言わずもがなのことですが、米づくりには大量の水が必要です。
その水を得るために先人は様々な工夫を凝らし、惜しみなく労力を注ぎ込んできました。ここ川上区においては、「大井根」と呼ばれる全長1Km余りもある山中の用水路がその最たるものだと言えます。

落葉と土砂が積もり山道の様になった大井根跡(博城山腹)

大井根は新鞍谷の西谷口から取水し、神水・博城(はかましろ)の山腹を高巻きにして大柳まで長い間谷水を運んできました。
この水路は、400年程前にこの地に移り住まれた治右門家の先祖、大柳権之守が考案し、工事の指揮を執ったと云われています。夜間の山腹に提灯を持った人を何人も並ばせ、その灯を谷の向かい側、通称「忠の八ヶ久保の段」から大柳権之守が目測して測量が行われたということです。
立地とその延長から、水路の開削に多大な労力が必要だったことは想像に難くありません。工事はおそらく何年にも渡るものだったでしょう。

開削後も維持・管理は一筋縄ではいかなかったようです。

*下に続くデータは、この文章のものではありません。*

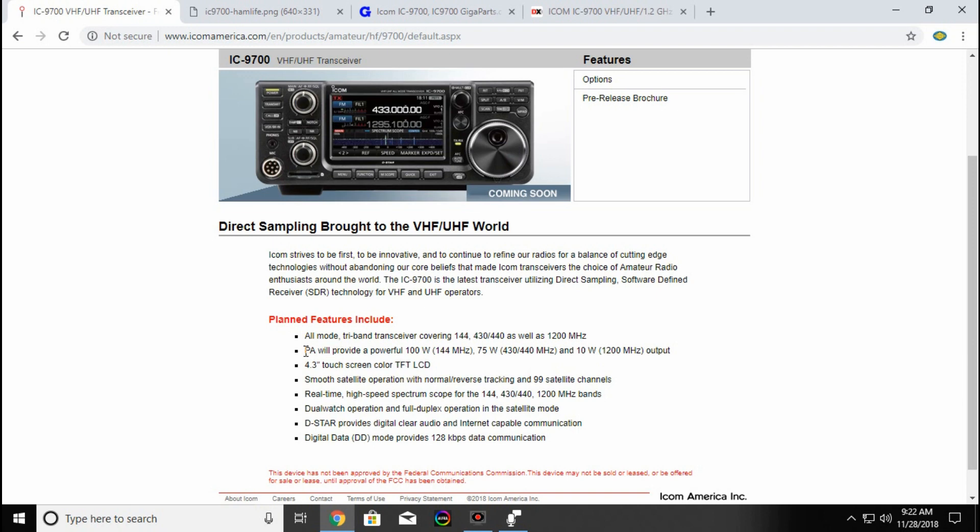The PA will provide 100 watts on 2 meters, 75 on 440, and 10 watts on 1.2 gigahertz. You'll have the same 4.3-inch touchscreen LCD as you do with the 7300, which is nice. You'll also be able to operate satellite, which is another thing I'd like to try out.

春、田んぼに水を引くための井根仕事だけで二日がかりでした。一日目は素掘りの水路に積もった落葉や土砂を取り除く作業、二日目は痩せてしまった水路肩を補強したり、水路の修復のために費やされました。

散々苦労して水を通しても一週間もすると水の量が半減していきます。漏水しやすい素掘り水路の上、沢蟹などの生き物が水路に穴を開けるためで、定期的な見回りが欠かせませんでした。また途中いくつも小さな谷や沢を横断しているため、大雨後の復旧は特に大変だったと思われます。明治3年と昭和28年の水害は特に酷く、昭和28年の13号台風では、いくつもの箇所がコンクリート二次製品で修復されました。

新鞍谷から続く大井根のルート


この様に毎年苦労を重ね、何代にも渡って大井根は大切に守り続けられ、水利は現代まで受け継がれてきました。
水路がようやくその使命を終えたのは昭和57〜58年頃の耕地整理の時です。継ぎはぎだらけの大井根は新鞍林道地下に埋設されたパイプラインに置き換えられ、現在はコックを捻るだけで新鞍谷の清水がほとばしり出て来ます。
二日がかりの大仕事だった井根仕事も、ようやくこの時から二時間程の作業で済むようになったのです。

(ふるさと探訪 第二回 三谷義太郎氏:新鞍谷の記述と、その後の聞き取りを元に構成)


大井根を歩いてみた

この用水路のことは郷土史やたの村の季刊紙で知ってはいましたが、実際に見るのは初めてでした。
現地に行ってみてまず驚いたのは、水路が想像よりもずっと高い所を通っていたことです。
山腹を延々1km余りも切り欠いて設けられたこの水路。工事は言うに及ばず、維持管理にも恐ろしく手間がかかるであろうことは素人目にも明らかです。
大柳の横を流れる野逕渓川からならもっと楽に水を引けたはずですが、わざわざ新鞍の上流から用水を引いてこなければならなかったのも何か理由あってのことでしょう。野逕渓には物理的に用水路を設けられない制約があったか、水の利用配分がキッチリと決められていたからか。

大井根の終着点
山中を巡ってきた用水はここに辿り着きました。
大井根は山腹のこの辺りを通っています。(博城)
うるし谷から用水路跡を辿っていきます。
このあたりは保守作業がたいへんだったようで、殆どがコンクリートの水路となっています。
地盤が流失したためか、10m程がコンクリート管渠に置き換えられていました。
植林のすき間から
新鞍谷に入る手前、この辺りの景色がとても良い感じ。
水路肩はよく踏み固められており、古道のような雰囲気です。
水の流れている迫はブロック積擁壁で水路地盤が補強されていました。
新鞍谷に入ると路肩の崩れや水路の損傷が目立つようになります。
妻ヶ谷口の対岸辺りでは土砂崩れで10数mに渡り水路跡が消失していました。
路肩が崩れ、さらに土砂が被さってくる難所は塩ビ管で対応。
石積砂防が見えるとそろそろ水路の起点になります。
この石積砂防が明治以降の大井根取水口となりました。
それ以前の取水口は、もう少し上流の西谷口だったとのこと。